Good morning, guys. First of all, thank you very much for some of the details with respect to Regency. It sort of helps us to tie up the thought process on it. You had outlined cost savings of $160 million to $225 million, but you did not sort of outline the commercial synergies. I was wondering how we could think about that. Is that a scenario where the backlog of opportunity grows for Regency? Or alternatively, is it a scenario where you spend less CapEx to achieve the same returns that you’re already looking for? I was wondering if you can sort of give us some color on how to think about that.
Shneur, this is Mackie. Really a little bit of both and we are certainly early on in recognizing all of the entities that between our different partnerships. But if you look at certain aspects of it in East Texas the chance that we have and we can ship on is around, there is also planned delays and/or even some situations we may not have to build plants. You look in the Northeast which we see is a huge growth platform for ETP with the success that Regency had and with some activities that we hope to announce soon with our some significant synergies there on both cost savings, on the boarding, spending some capital but also securing the volumes that we are negotiating, the both parties are negotiating this time. So as we continue to integrate the access, as we continue to analyze what we own also at East Texas, I am sorry out to West Texas, will continue to recognize significant value in cost savings and then revenue growth throughout all those areas.
Great. Thank you for the color. And maybe as a follow-up. Could we talk about the Lake Charles project given the impact of the BG merger with Royal Dutch? And as part of that, can you also remind investors the relative stake that ETE versus ETP has in the project?
Yes. Sure, Shneur, it’s Jamie. So the Lake Charles LNG or that liquefaction project is owned 60% by ETE and 40% by ETP. As we said in our prepared remarks that there was the announcement in April of the Shell takeover of BG Group which we expect to close in the first part of 2016. We are right now continuing down the path as if nothing has happened. As far as our timing is concerned, we've got our draft EIS that we mentioned. We have now actually received permit that we have received earlier this week. We’re continuing to get continue with our interaction with our EPC contractors and we’re sort of shortlisting the various consortia that we are engaging with.
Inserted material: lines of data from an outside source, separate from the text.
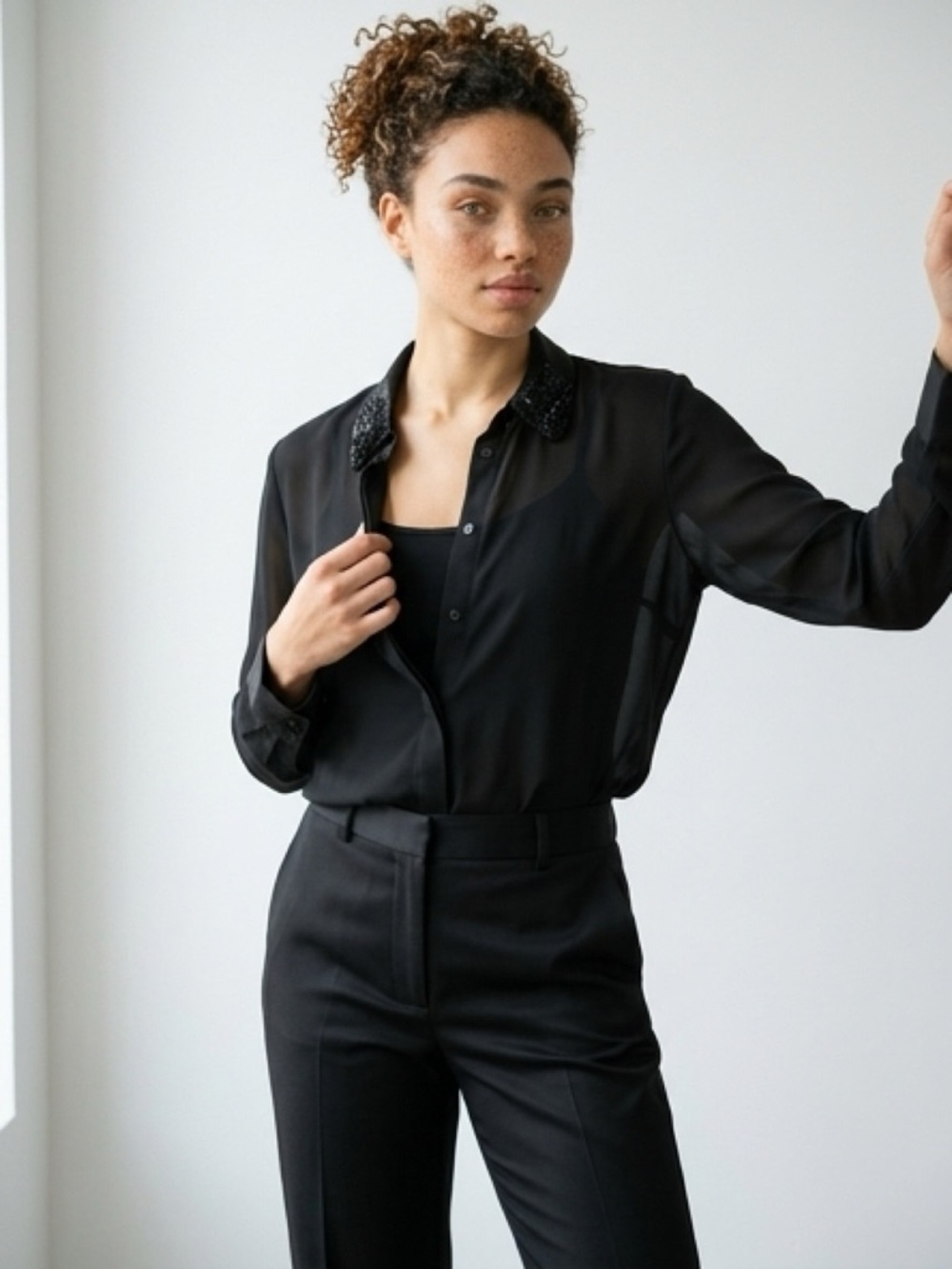 H&M Black Shirt with Embroidered Collar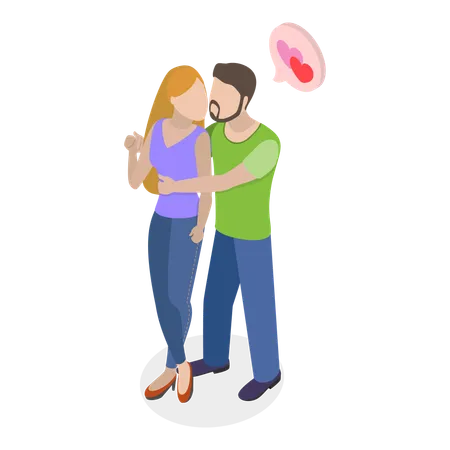 3 D Isometric Flat Vector Set Of Lovers Couples Adorable Romantic Scenes Item 5 Illustration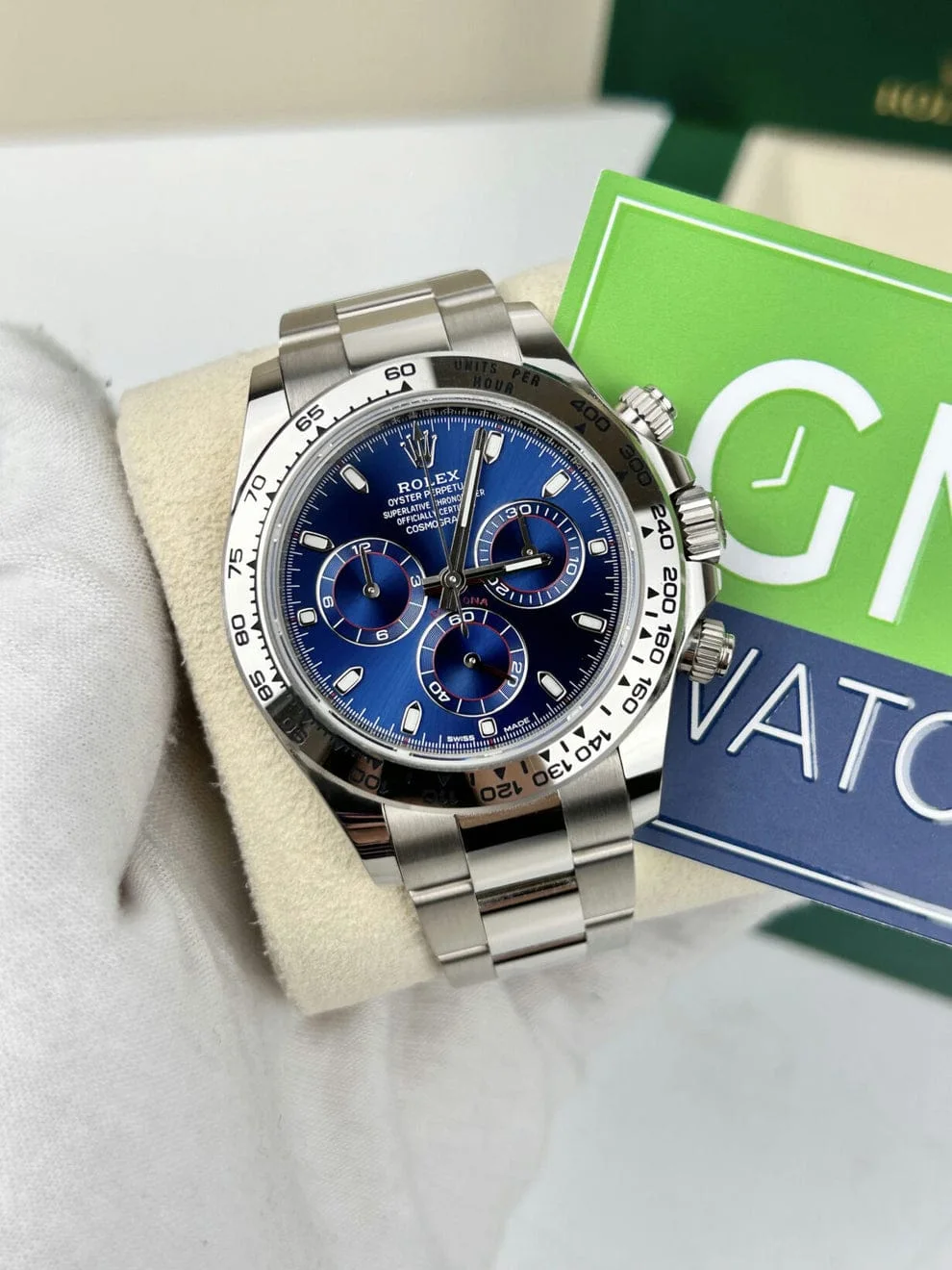 Rolex Daytona – White Gold Blue Baton Dial –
So we are right now continuing to try to be in a position that we are ready to in fact sanction the project in the early part of 2016, which will happen no doubt after the BG Shell merger happens but hopefully shortly thereafter.
Okay. And one final question with respect to the $1.3 billion for the Mexico pipeline projects, do you have a return profile that we should be thinking about, maybe expressing multiple returns?
I think Shneur, Mackie is going to jump in here too. But look I think much like Mike can again talks about they have six times EBITDA for their projects. I think we consistently look at our buckets on the sort of 7 to 8 times basis. And I think two projects both Trans Pecos and Comanche Trail fit within that category. We have partners that we potentially that we’re negotiating with right now and that we will own an equity stake and that we expect to announce. So our stake will obviously be a piece of the overall portion of the project, but it certainly fits within the profile of those economic boundaries on returns.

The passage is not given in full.